(The task): What you return must be an exact copy of the lines in the listing below between the line holding "ハトシー Scroll" and the line holding "八年级数学上册 5.7 用二元一次方程组", inclusive, and nothing more.
Dataset records section start
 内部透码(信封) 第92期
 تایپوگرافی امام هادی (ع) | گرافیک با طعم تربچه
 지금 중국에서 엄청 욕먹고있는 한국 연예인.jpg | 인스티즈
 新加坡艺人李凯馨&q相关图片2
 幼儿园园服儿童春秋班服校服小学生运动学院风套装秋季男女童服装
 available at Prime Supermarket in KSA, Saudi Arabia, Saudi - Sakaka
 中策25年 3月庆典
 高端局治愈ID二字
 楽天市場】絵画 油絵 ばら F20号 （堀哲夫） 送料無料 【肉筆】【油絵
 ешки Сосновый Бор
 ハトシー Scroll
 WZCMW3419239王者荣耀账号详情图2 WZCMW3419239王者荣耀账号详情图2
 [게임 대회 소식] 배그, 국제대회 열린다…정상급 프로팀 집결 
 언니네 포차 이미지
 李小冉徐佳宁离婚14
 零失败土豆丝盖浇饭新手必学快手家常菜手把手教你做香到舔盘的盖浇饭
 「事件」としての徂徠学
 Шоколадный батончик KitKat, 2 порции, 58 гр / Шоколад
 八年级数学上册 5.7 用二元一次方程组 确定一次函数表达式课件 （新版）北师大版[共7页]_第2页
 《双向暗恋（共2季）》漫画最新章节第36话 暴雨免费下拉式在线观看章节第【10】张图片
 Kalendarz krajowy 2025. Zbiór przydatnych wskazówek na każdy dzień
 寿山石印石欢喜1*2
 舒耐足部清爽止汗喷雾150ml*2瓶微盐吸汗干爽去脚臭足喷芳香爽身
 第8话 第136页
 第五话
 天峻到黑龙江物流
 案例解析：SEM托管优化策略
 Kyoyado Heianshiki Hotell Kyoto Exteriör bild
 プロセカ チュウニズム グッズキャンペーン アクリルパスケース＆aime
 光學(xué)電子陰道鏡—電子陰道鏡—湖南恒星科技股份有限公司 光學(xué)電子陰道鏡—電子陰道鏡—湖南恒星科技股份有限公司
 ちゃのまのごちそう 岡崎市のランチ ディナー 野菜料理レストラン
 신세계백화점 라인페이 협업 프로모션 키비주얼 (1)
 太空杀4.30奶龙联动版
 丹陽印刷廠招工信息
Dataset records section end
(Task solution):
 ハトシー Scroll
 WZCMW3419239王者荣耀账号详情图2 WZCMW3419239王者荣耀账号详情图2
 [게임 대회 소식] 배그, 국제대회 열린다…정상급 프로팀 집결 
 언니네 포차 이미지
 李小冉徐佳宁离婚14
 零失败土豆丝盖浇饭新手必学快手家常菜手把手教你做香到舔盘的盖浇饭
 「事件」としての徂徠学
 Шоколадный батончик KitKat, 2 порции, 58 гр / Шоколад
 八年级数学上册 5.7 用二元一次方程组 确定一次函数表达式课件 （新版）北师大版[共7页]_第2页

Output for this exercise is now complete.